2. In uitvoering van het Ruimtelijk Structuurplan Vlaanderen en relatie met andere ruimtelijke planningsprocessen

 

Een gewestelijk ruimtelijk uitvoeringsplan wordt opgemaakt in uitvoering van het Ruimtelijk Structuurplan Vlaanderen (zie artikel 2.2.6. §2 van de Vlaamse Codex Ruimtelijke Ordening). Er wordt ingegaan op de relevante elementen uit het structuurplan, enerzijds uit het richtinggevend gedeelte, anderzijds uit het bindend deel. Daarnaast worden de voor voorliggend plan relevante afbakeningsprocessen en de daaruit voortvloeiende en reeds goedgekeurde gewestelijke ruimtelijke uitvoeringsplannen aangehaald.

 

 

2.1 Het Ruimtelijk Structuurplan Vlaanderen

 

2.1.1 Het richtinggevend gedeelte van het ruimtelijk structuurplan Vlaanderen

 

zeehaven Antwerpen

De haven van Antwerpen is geselecteerd als zeehaven/poort. De strategische positie van de haven in de economische structuur van Vlaanderen komt tot uiting in het ruimtelijk principe “poorten als motor van ontwikkeling”. Omwille van haar bestaande of potentiële positie in het internationale communicatienetwerk (water, weg, spoor, telecommunicatie) vormt zij een element van de economische structuur op internationaal niveau en kan ze hoogwaardige internationale investeringen aantrekken.

 

 [image]

Figuur 1: gewenste ruimtelijke structuur voor Vlaanderen

 

In de Vlaamse zeehavens komen industriële, distributie, opslag- en overslag en logistieke activiteiten ruimtelijk en functioneel sterk verweven met elkaar voor. Gelet op de bestaande tendensen tot een verdere integratie en verweving van de vernoemde types van activiteiten wordt een ruimtelijke differentiëring per typeactiviteit in de zeehavens niet wenselijk geacht.

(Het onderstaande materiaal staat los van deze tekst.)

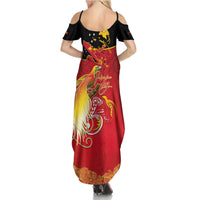 Papua New Guinea Independence Day Summer Maxi Dress Happy Anniversary 50th Bird-of-paradise Melanesian Tattoos LT03 - Polynesian Pride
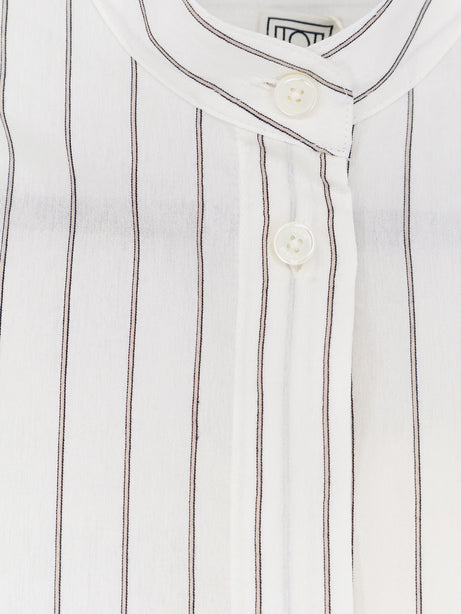 Toteme Striped Summer viscose, silk and cotton dress - Whiteoyster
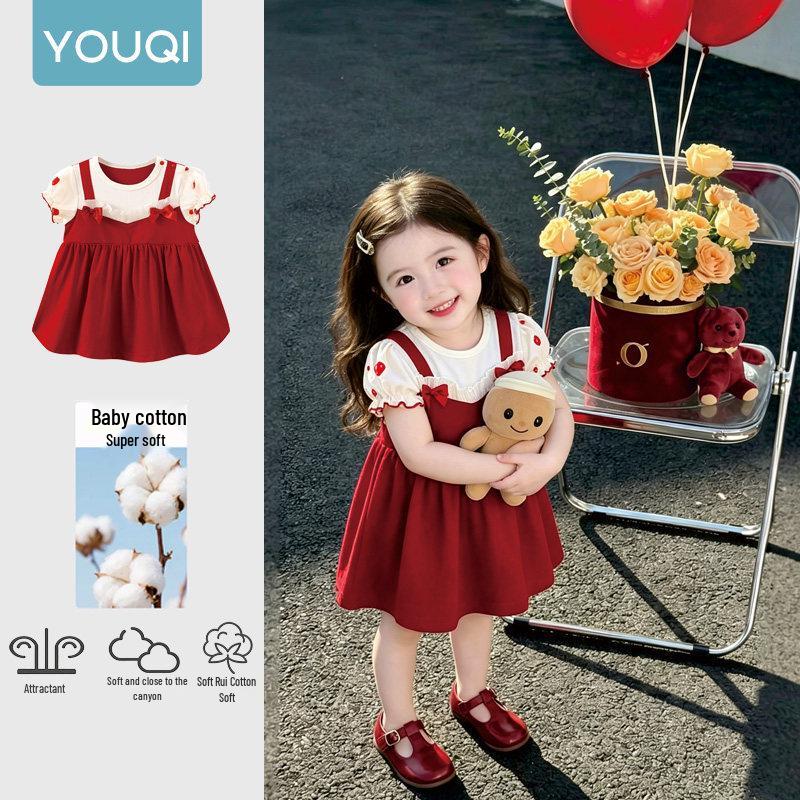 Youqi Baby 2026 Summer Red Cherry Princess Dress for Photoshoots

Essentieel voor een ruimtelijke differentiëring van havenactiviteiten is het havengebonden karakter van de industriële-, distributie-, opslag- en overslag- en logistieke activiteiten. De haveninvesteringen worden dan ook gekoppeld aan de zeehavenactiviteiten. Om het havengebied exclusief voor deze zeehavenactiviteiten te bestemmen is een afbakening als dusdanig noodzakelijk. Het begrip ‘zeehavengebied’ heeft aldus ook een ruimtelijke betekenis en wordt ruimtelijk afgebakend.

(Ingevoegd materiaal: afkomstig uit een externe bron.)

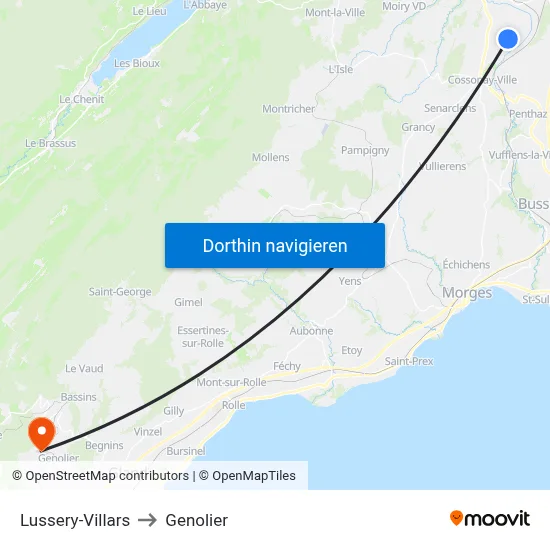 Lussery-Villars to Genolier map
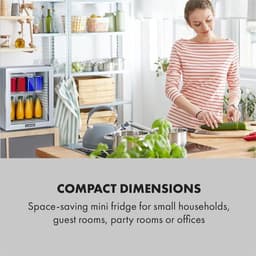 Klarstein Mini-Koelkast Brooklyn 23 Glazen Deur LED 23L - Minikoelkast Drankkoeler Hotelkoelkast - voor Hotelkamer voor Slaapkamer voor Studentenkamer - Compact - Mini Fridge - Kleine Koelkast - Compact Koelkast — thumbnail 5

Om de ontwikkelingsmogelijkheden van de zeehavens te garanderen, de zeehaven als motor voor de ontwikkeling in te zetten, de nodige differentiatie en complementariteit tussen de zeehavens te garanderen en de nodige strategische reserves aan zeehaventerreinen te houden, wordt op Vlaams niveau voor iedere zeehaven en haar omgeving een ruimtelijke visie ontwikkeld op basis waarvan een gewestelijk ruimtelijk uitvoeringsplan moet worden opgemaakt samen met de betrokken overheidssectoren. Uitdrukkelijk moet daarbij aandacht besteed worden aan de toegankelijkheid zowel langs de waterzijde als langs de landzijde en moet de bereikbaarheid van de zeehavens benaderd worden vanuit de context van een globaal mobiliteitsbeleid voor gans Vlaanderen en voor alle vervoersmodi.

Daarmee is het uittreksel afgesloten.